Academic journals are often awful about accessibility. If you don’t have access to a university library, it’s almost impossible to know what’s going on in the academic community. Fortunately, “open-source” or free, online academic journals are gaining in popularity. Mediascape, UCLA’s journal of cinema and media studies, recently published a piece on punishment in Skyrim by Cliff Galiher that anyone with English literacy and Internet can read.

A “punishing” platformer is one where you have to start all over if you get hit once, or sit through a boring cooldown. As Jesper Juul has noted, punishment often involves replaying material we’ve already seen, or waiting to heal/recharge.  With the option to save anywhere, the punishment in Skyrim becomes re-doing battles over and over.

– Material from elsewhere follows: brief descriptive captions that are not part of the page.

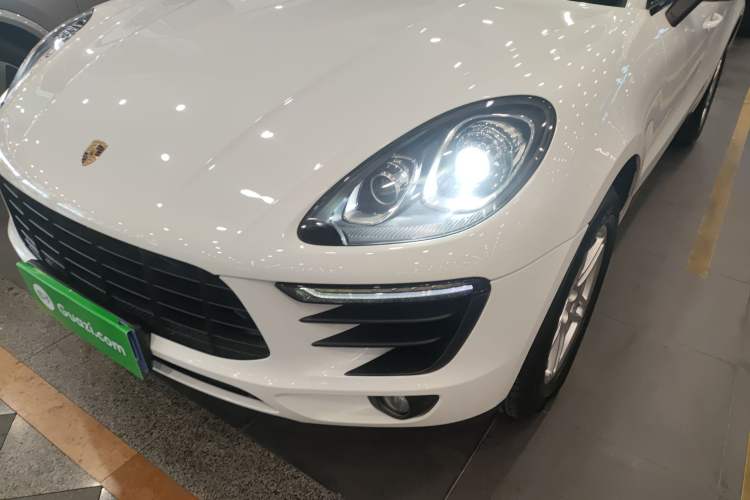 Used Porsche Macan 2016 Macan 2.0T
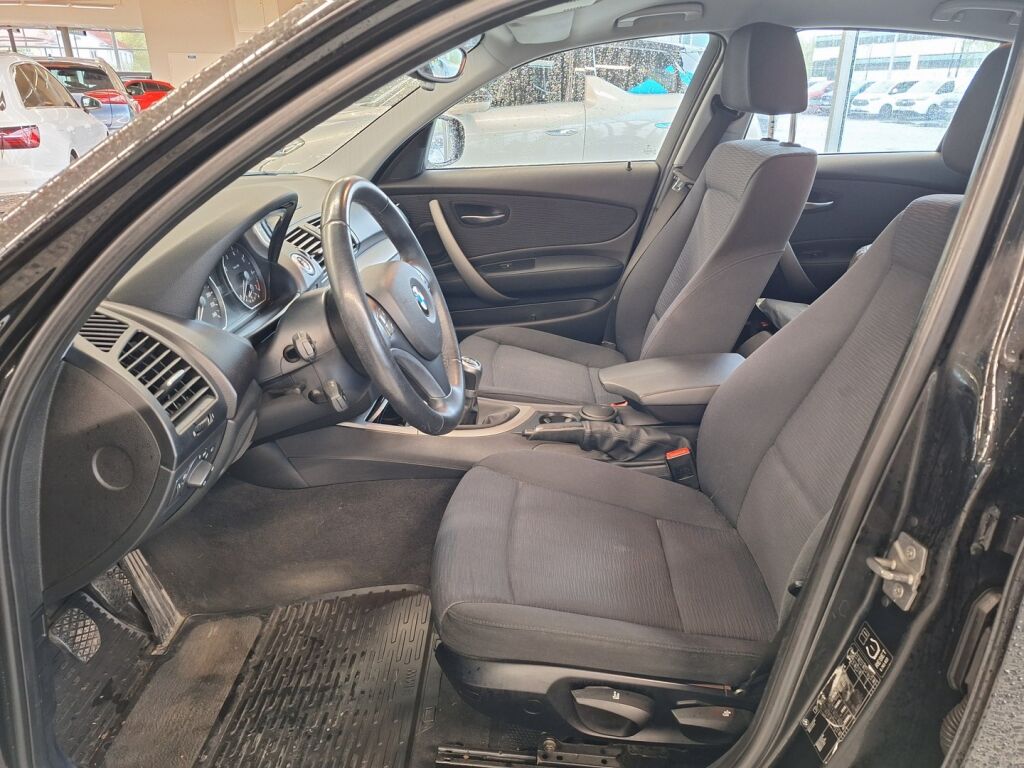 BMW 116 2010 Musta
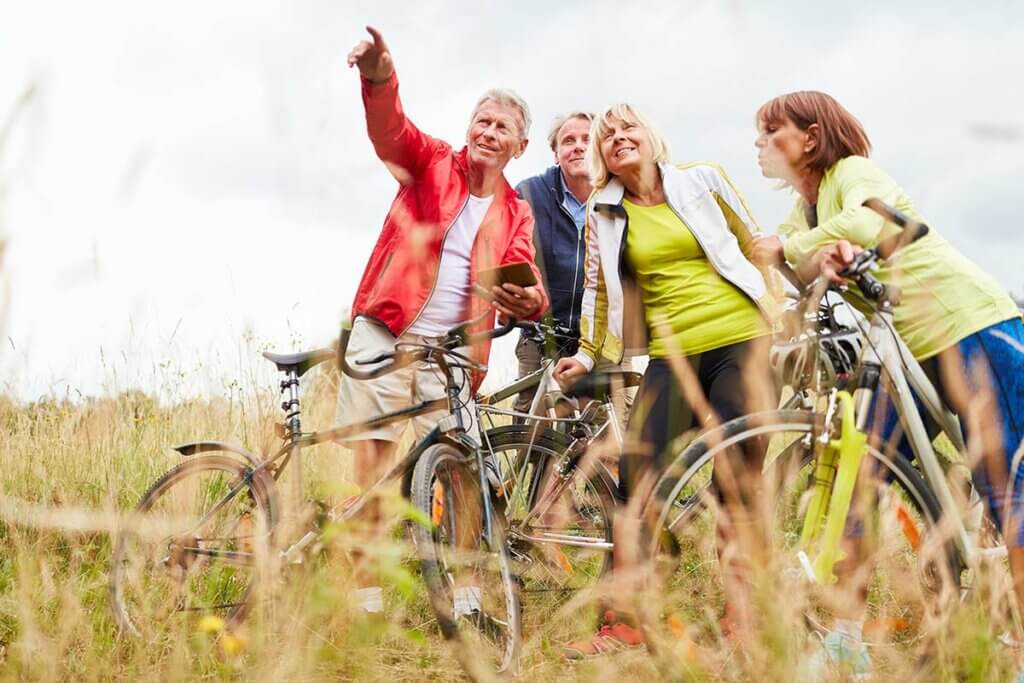 Gruppe von Radlern nutzen Fahrrad-Navi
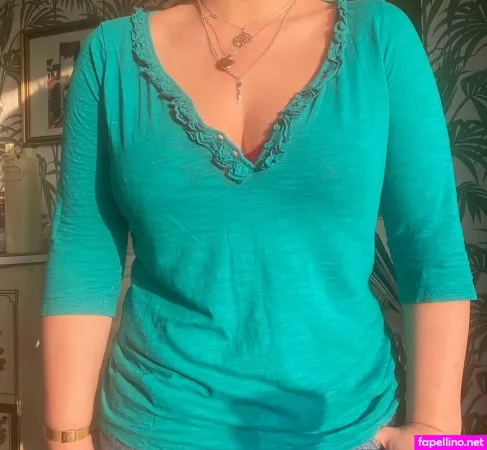 Elena Sophia Nicolosi OnlyFans Thumbnail #Apvogbewad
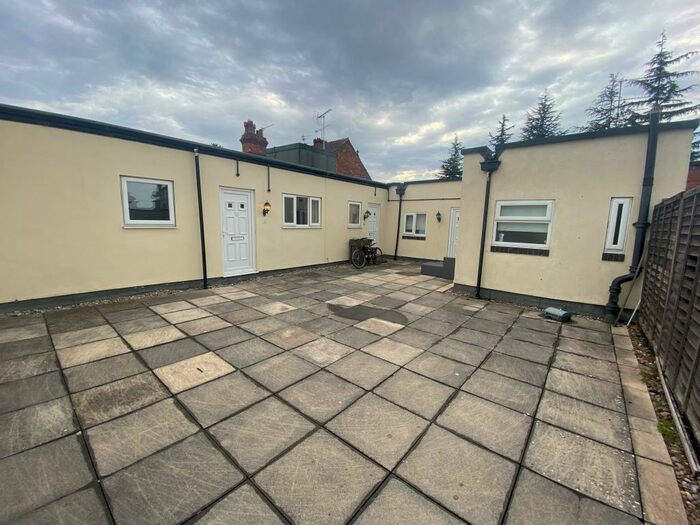 1 Bedroom Apartment To Rent In Alcester Road, Studley, B80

The additional effort (and tedium) of obligatory replay is the universal currency of failure in Skyrim. In the end, every failure is reversible, and the only thing permanently lost is time.

Since the game is non-linear, players who take on harder challenges are essentially punishing themselves, which may make such punishment more tolerable (enjoyable?). Punishment in Skyrim takes on a masochistic tone; if it’s so hard to defeat the lich lord, maybe you should just come back later when you’re stronger.

Galiher ends on an experimental note:

What if a game were to penalize a player by transporting him or her further along in the narrative, depriving the protagonist of engagement with a sizable chunk of the narrative?